The Imperial was originally built as the private Elmfield House between 1805 and 1810 with the only entrance from St Davids Hill. The original gatehouse lodge still stands today, though the main entrance is now in New North Road.
Elmfield house was the home of Dr Heberden, renowned for his studies in arthiritus. The people of St Davids used to hold their annual fete in his extensive grounds, however it was originally built for James Green, the famous County engineer as a home and office.
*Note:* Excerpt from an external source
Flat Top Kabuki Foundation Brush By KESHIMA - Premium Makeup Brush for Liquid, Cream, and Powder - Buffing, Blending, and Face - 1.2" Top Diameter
The garden was laid out by Sir Thomas Veitch. In the 1920's the Pollard family bought the house and began to improve it as most new homeowners tend to do. They got lucky at the expense of the owner of Haldon House (now The Haldon House Hotel). He had got the gambling habit and was busy blowing his fortune. He got to the stage where he had to start selling off parts of his home to pay off gambling debts and to feed his habit.
Builders from all over would turn up and buy bricks and anything they could get their hands on. Haldon House was a fine building (built for Sir George Chudleigh between 1725 and 1740). His home was intended to be a replica of Buckingham Palace and was designed by Robert Adam. At the time it was one of the five largest homes in England. The Folly that many of us can see on Haldon Hill and the Hotel are all that remains of the estate.
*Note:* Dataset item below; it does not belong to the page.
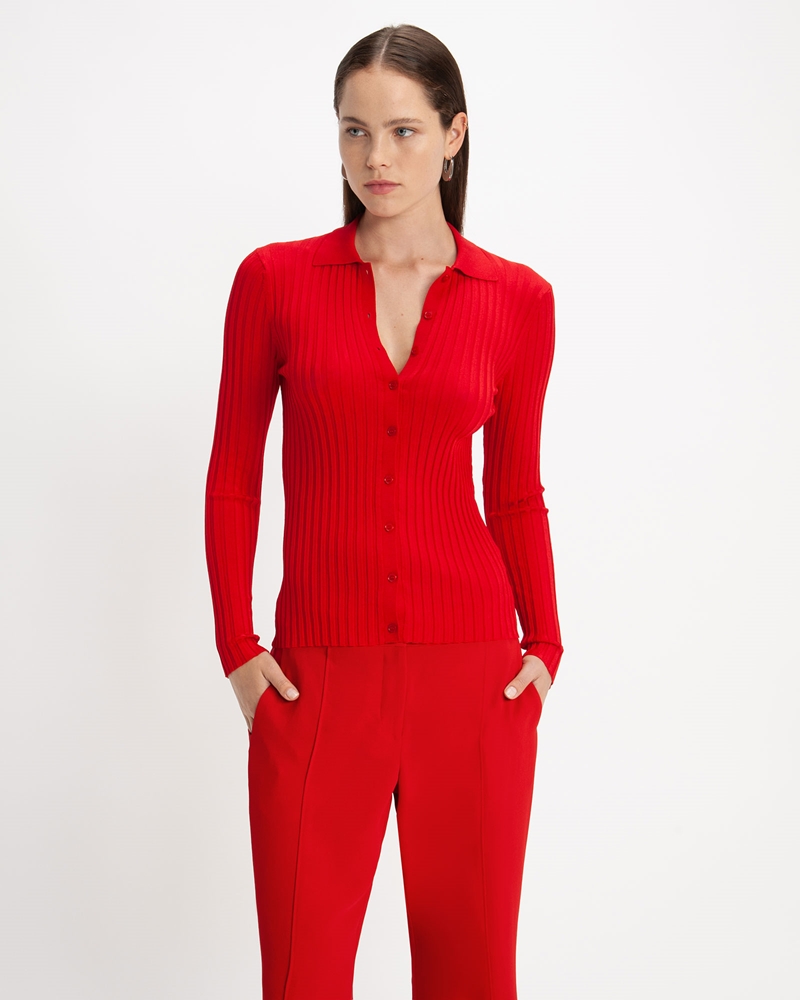 Tops and Shirts | Polo Collar Slinky Rib Knit | 660 Red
The Pollards builder managed to get hold of the pillanters, mouldings and cuban mahogany doors from Haldon House and he transplanted them into the Ballrooom of Elmfield House. The Ballroom now makes up the largest bar at the Imperial. During it's time as a Hotel it was the breakfast room and restaurant. The large conservatory that now makes up the large west bar of the pub was brought here and re-erected from Streatham Hall (now Reed Hall) in the University grounds.
The Imperial Hotel was purchased by JD Wetherpsoons from the Hawkes-Williams' who had run the place as a hotel for 40 odd years in 1994, opening as a pub on 14th March 1996 having spent £1.45m.